[Recorded data]:
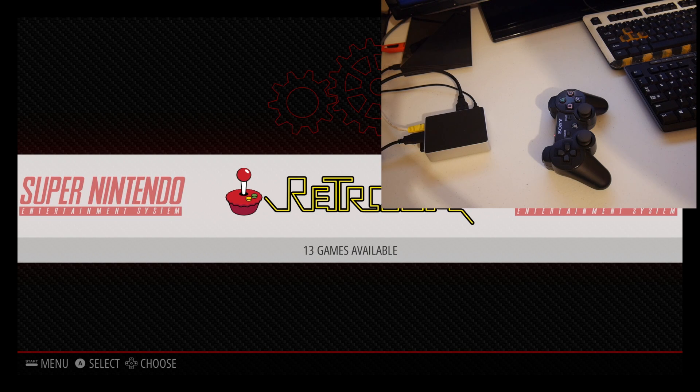Hey, what's going on guys? It's ETA Prime back here again. Today I'm here with my Raspberry Pi 3 and RetroPie 4.0 Beta. I want to show you how to save and load your games. This is RetroPie 4.0 Beta, but this does work with most of the releases of RetroPie, as long as you're above 3.0.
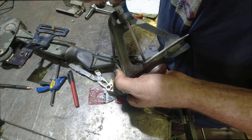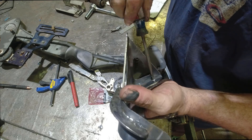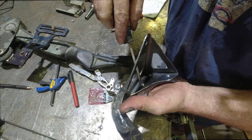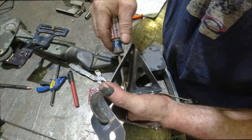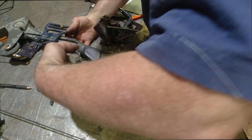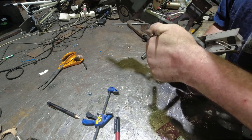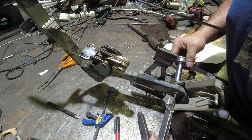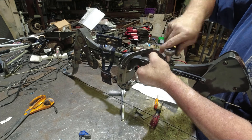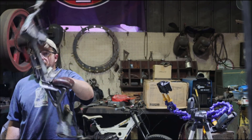I finally got all the holes to line up and now I'm just bolting it all together. The whole process for this took a couple of hours, but it turned out pretty nice. Now I'm doing the final assembly onto the bow. That was a struggle getting that all bolted in there.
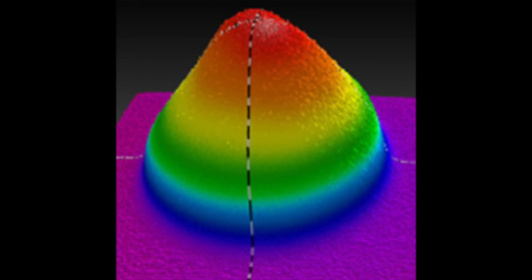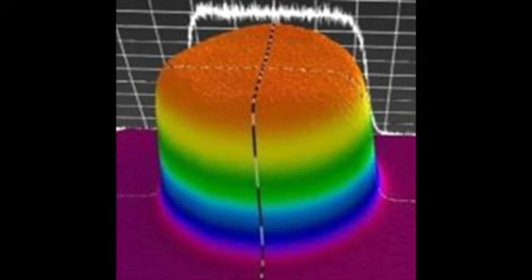This is the beam profile of a traditional crosslinker prior to the Avedro KXL machine, which produced an uneven distribution of UV light across the cornea. The Avedro machine, as you can see here, distributes the light very evenly across the cornea, creating a fantastic and even crosslinking reaction.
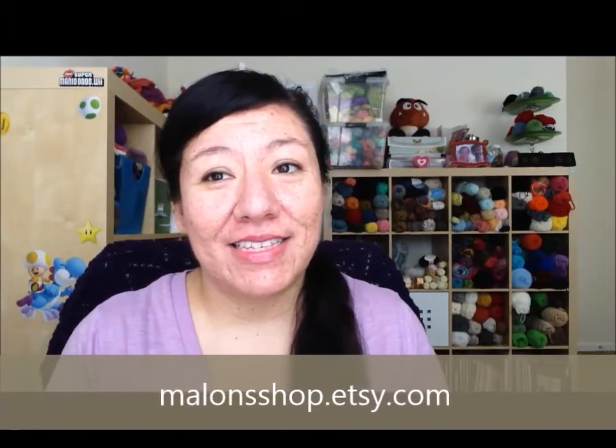Also, if you don't want a custom dye, you can browse my shop at mallonshop.etsy.com — that's where I have other yarn available, so if you'd rather pick something from there, that's also an option. I will choose two winners: the first winner I pick will have the option to choose which prize package they want, and the second winner will get whatever prize package is left.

[What is expected]: Whenever a picture appears in the listing, leave it out; copy everything else exactly.

[Result of this exercise]:
Hey, what's going on guys? It's ETA Prime back here again. Today I'm here with my Raspberry Pi 3 and RetroPie 4.0 Beta. I want to show you how to save and load your games. This is RetroPie 4.0 Beta, but this does work with most of the releases of RetroPie, as long as you're above 3.0.
I finally got all the holes to line up and now I'm just bolting it all together. The whole process for this took a couple of hours, but it turned out pretty nice. Now I'm doing the final assembly onto the bow. That was a struggle getting that all bolted in there.
This is the beam profile of a traditional crosslinker prior to the Avedro KXL machine, which produced an uneven distribution of UV light across the cornea. The Avedro machine, as you can see here, distributes the light very evenly across the cornea, creating a fantastic and even crosslinking reaction.
Also, if you don't want a custom dye, you can browse my shop at mallonshop.etsy.com — that's where I have other yarn available, so if you'd rather pick something from there, that's also an option. I will choose two winners: the first winner I pick will have the option to choose which prize package they want, and the second winner will get whatever prize package is left.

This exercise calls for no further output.